Nigerian commercial banks are vying for up to N2.7 trillion in unofficial deposits by taking advantage of the six-week window that residents have to replace their outdated money. They are also competing for perhaps the biggest price, the N400 trillion per annum NIBSS interbank payment business.
The latest policy by the central bank is likely to have a significant impact on Nigeria’s socioeconomic environment as the apex bank continues to pursue its financial inclusion strategy. The policy of restricting cash withdrawals is expected to force depositors to quickly transition to alternative payment methods for everyday purchases, such as internet banking, USSD, ATMs, POS, and QR payments.
In order to turn in unbanked funds, some of Nigeria’s major banks are aggressively pursuing customer deposits using several channels including online and in-person. Reliable sources in some of Nigeria’s largest banks suggest the central bank’s decision to replace 200-, 500, and 1,000-naira notes starting on December 15, has renewed the sense of urgency to scoop some of the deposits. However, some also tread with caution as they are expected to report suspicious transactions related to the money laundering of unbanked notes.
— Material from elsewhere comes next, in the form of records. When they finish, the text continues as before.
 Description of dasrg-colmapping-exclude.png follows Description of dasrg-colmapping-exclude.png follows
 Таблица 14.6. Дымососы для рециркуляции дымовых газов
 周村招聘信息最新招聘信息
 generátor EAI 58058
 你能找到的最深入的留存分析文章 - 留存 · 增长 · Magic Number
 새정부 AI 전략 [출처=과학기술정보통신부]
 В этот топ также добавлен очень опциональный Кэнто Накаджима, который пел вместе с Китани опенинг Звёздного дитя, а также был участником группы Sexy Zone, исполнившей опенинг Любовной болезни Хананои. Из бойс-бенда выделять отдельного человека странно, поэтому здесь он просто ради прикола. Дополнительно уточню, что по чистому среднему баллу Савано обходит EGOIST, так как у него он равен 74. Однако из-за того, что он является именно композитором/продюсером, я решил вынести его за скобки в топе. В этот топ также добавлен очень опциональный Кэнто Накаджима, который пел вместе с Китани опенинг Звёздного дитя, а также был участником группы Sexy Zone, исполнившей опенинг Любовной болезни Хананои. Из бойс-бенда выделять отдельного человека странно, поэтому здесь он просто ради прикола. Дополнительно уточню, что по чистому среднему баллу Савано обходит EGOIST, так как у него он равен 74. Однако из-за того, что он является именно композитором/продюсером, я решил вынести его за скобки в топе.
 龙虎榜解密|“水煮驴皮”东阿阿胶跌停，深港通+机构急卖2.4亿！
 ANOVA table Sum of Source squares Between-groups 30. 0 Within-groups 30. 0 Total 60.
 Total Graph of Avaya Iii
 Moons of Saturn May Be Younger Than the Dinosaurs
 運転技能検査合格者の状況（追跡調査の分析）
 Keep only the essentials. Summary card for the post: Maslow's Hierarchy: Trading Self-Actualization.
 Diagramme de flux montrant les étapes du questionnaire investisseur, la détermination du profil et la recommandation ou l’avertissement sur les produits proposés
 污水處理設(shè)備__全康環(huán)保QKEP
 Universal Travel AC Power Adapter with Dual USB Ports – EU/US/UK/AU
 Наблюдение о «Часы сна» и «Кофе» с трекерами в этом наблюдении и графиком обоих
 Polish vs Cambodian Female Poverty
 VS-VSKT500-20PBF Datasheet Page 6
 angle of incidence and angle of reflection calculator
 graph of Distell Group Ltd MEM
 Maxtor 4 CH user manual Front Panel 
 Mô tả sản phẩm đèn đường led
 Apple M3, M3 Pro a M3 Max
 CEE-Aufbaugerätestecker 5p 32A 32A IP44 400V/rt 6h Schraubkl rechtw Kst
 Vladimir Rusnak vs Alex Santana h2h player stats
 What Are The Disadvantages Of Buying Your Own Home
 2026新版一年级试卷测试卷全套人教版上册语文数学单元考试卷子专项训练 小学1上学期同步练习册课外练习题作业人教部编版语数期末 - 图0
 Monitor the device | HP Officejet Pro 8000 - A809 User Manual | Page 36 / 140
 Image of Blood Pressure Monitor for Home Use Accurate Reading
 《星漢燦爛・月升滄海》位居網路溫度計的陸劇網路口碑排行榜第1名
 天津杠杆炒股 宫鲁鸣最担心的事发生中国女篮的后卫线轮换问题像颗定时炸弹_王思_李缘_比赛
Traditional banks are taking advantage of the policy by doubling down on some of the innovative initiatives around electronic payments introduced to compete with some of the challenger banks. The policy would benefit banks by helping lower cash collection cost, often associated with managing physical cash as well as help the banks achieve their electronic payment strategies which they have spent billions building over the years.
As of June, First Bank of Nigeria Limited reported that its agent banking network, Firstmonie Agents, had handled more than one billion transactions totaling more than N22 trillion.  The bank also indicates that its Firstmonie agent network is active in 772 of Nigeria’s 774 local government areas. With more than 100,000 agents, the bank’s agent banking network is the largest bank-led network in Nigeria and sub-Saharan Africa (including more than 22,000 female agents, enabling the bank to drive gender-inclusive growth within rural communities). The central bank’s cash withdrawal policy will further strengthen its market share.
While the central bank’s initiative will likely boost bank deposits, already at over N47 trillion for 8 of the largest banks in the country, the real competition will likely be in the area of payments. This is where FinTechs have a huge advantage even though they do not hold deposits.
Data from the Nigerian Inter-Bank Settlement Systems (NIBSS) has shown that the NIBSS Instant Payment platform (NIP)handled transactions worth N38.9 trillion in November. This compares to the N25.9 trillion reported same period a year ago. The total value of NIP transactions this year alone is N345 trillion. It is likely to hit N400 trillion by year-end. The value is in the fees earned from facilitating these payments.
In a market where businesses like Quickteller, Paystack, Flutterwave, Opay, and Paga have already had success, traditional banks seem primed to compete for better riding on brand visibility, their economies of scale, and experience in mobilizing deposits to wrestle the future of electronic money with FinTechs.